3 liters (12 2/3 cups) milk

350 milliliters (1 1/2 cups) heavy cream

Peel of 3 lemons

3 star anise

2 Ceylon cinnamon sticks

300 grams (10.5 ounces) arborio rice

500 milliliters (2 cups plus 2 tablespoons) water

Pinch kosher salt

300 grams (10.5 ounces) granulated sugar

60 grams (about 2 ounces) unsalted butter

Powdered sugar, for dusting

Berries, for serving

Directions

Special equipment:
a paella pan, optional; a brûlée iron
  1. In a small pot, add the milk, heavy cream, lemon peels, star anise and cinnamon sticks and bring to a simmer over medium heat.
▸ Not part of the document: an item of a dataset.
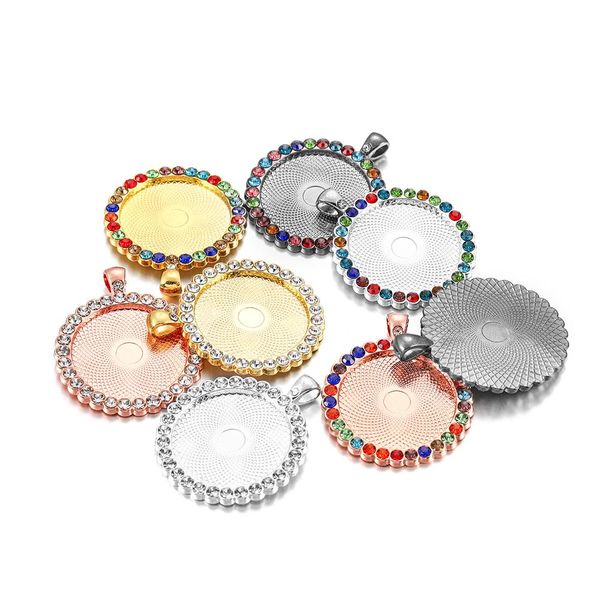 

5 шт. / лот 25 30 35 мм diamond-borked cameo cabochon crystal beatant base для ювелирных изделий, изготовление diy поднос bezel accessies ac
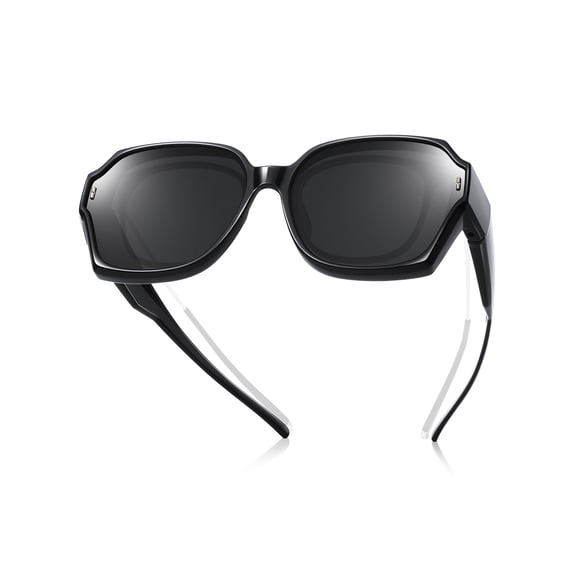 TINHAO Oversized Square Fit Over Glasses Sunglasses for Women, Retro Trendy Polarized UV400 Wear Over Prescription Glasses Stylish Fashion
Turn off the heat and allow it to sit for 10 minutes before straining.
  2. In a paella pan or a large skillet with tall sides (2 to 3 inches), add the rice, water and salt and cook over medium heat, stirring constantly, until all of the water is absorbed and the rice "blooms" or is ready to absorb more liquid, about 5 minutes. Drop the heat to medium low.
  3. Slowly ladle a few cups of the strained milk to the rice and cook, stirring constantly, until it is absorbed into the rice. Keep ladling more of the milk a few ladles at a time and cook, stirring constantly, until absorbed. Repeat until all of the milk is added and absorbed, and cook until the rice is al dente, about 25 minutes total.
  4. Add the granulated sugar and butter and stir thoroughly to combine. Turn off the heat and allow to cool in the pan or scoop into serving dishes or bowls to cool.
  5. While cooling, a skin will form on the top and the surface will turn a matte yellow hue, 20 to 25 minutes, or if in a well-ventilated area, about 15 minutes. You should be able to touch the surface without cream lifting onto your finger.
  6. Once set, dust the surface with a layer of powdered sugar. Heat a brûlée iron over an open flame and slowly begin caramelizing the sugar, moving in a circular motion. If the iron is hot enough it should take seconds to brûlée. If you need to reheat the iron, wipe it carefully over a wet towel before reheating.
  7. Serve with berries.

Let's Get Cooking!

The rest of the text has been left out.